Time and space dilation is more subtle and took longer for me to get a grip on. In honor of this being the 100th anniversary of Einstein’s paper on the Special Theory of Relativity, Astronomy magazine has done a special issue devoted to the subject. An illustration in one of the articles has finally made it clear to me how this works.
Imagine a sailboat passing a dock on which there stands a man. On the 32 foot high mast of the sailboat is another man who drops a rock onto the deck of the boat. From the viewpoint of the man on the mast, the rock drops straight down, taking one second to hit the deck. However, from the viewpoint of the man on the dock, the rock moved at an angle through space onto the deck below. It moved through a longer distance. And this is key, the faster the boat is moving, the longer a distance the man on the dock would see the rock traversing. This is not an illusion. It’s quite real.
And it gets scarier still. Velocity is distance travelled divided by the time it took to cover that distance; i.e., 60 miles per hour. The velocity (speed) of light is constant, 186,200 miles/second. It never changes. So let’s change the falling rock to a light beam from a flashlight. And let’s lengthen our pretend mast to 186,200 miles high and speed up our sailboat so it passes by more quickly. Our friend on the mast turns on his light and it hits the deck straight below him one second later. Our friend on the dock sees the light angle though space and take a much longer path to the deck. He sees the hypotenuse of a right triangle made by the deck, the mast and the front edge of the beam moving down to the deck. Think about this. The speed of light is the same for both observers. The distance the light beam has travelled is longer as measured by dock-man. So if we keep the speed of light constant and increase the distance it travelled how do we make the math work?

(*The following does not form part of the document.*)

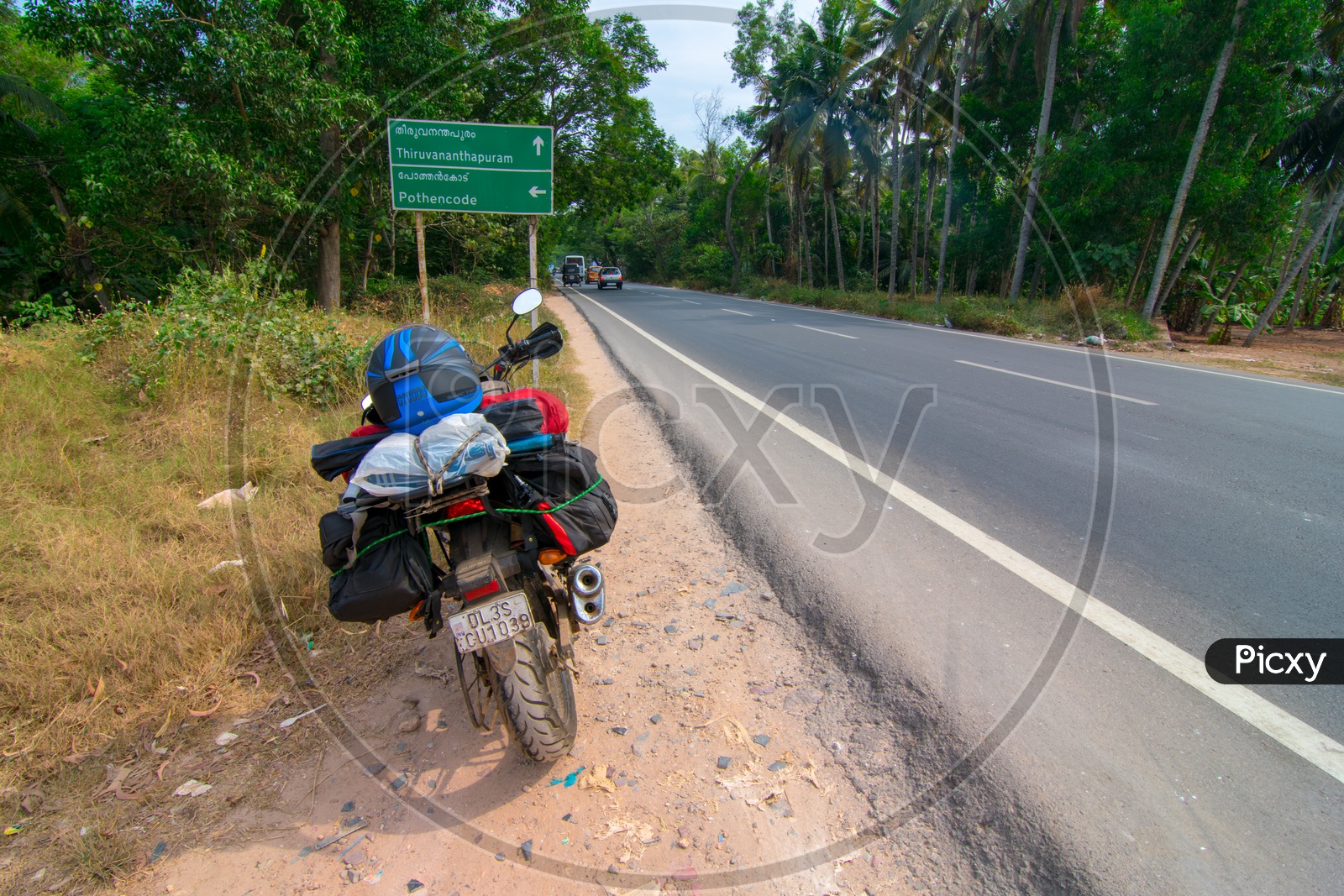 A Traveler's bike parked alongside the road at Tiruvananthapuram highway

This is what the man on the mast measures (C equals the speed of light):
C = 186,200 miles/S = distance / time = 186,200 miles / 1 second
This is what the man on the dock measures:
C = 186,200 miles/S = distance / time = 190,000 miles / 1.02 second
Both time and space are different between observers moving at different speeds with respect to one another. They perceive lengths of distances to be different and time actually passes at different rates for them. Amazing.
Einstein called facing up to the result of that mind experiment “taking the step.” Once he knew the observers would measure different lengths for that light beam he knew that time had to be variable for them. That “step” was the beginning of a revolution in the way the universe is seen to function. Kip Thorne, physicist and author of Black Holes & Time Warps, Einstein’s Outrageous Legacy is still astonished by what he termed Einstein’s “breathtaking arrogance.” His complete confidence that his definition of time and space was correct and everything that had gone before was wrong. Close, yes. But wrong.
Lest you be tempted to think this is a lot of esoteric egghead nonsense that has no bearing on the real world, think again. When the constellation of GPS satellites was designed for US military in the 1980’s, relativity functions were built into the software. The functions were designed so they could be switched off from the ground just in case Einstein was wrong. They’ve never been switched off. Were they to be, users would experience locational errors on the surface of the Earth of about 7 miles. Relativity is completely real.
Congratulations Albert, on the 100th anniversary of your theory. As amazing as it seems, you were right.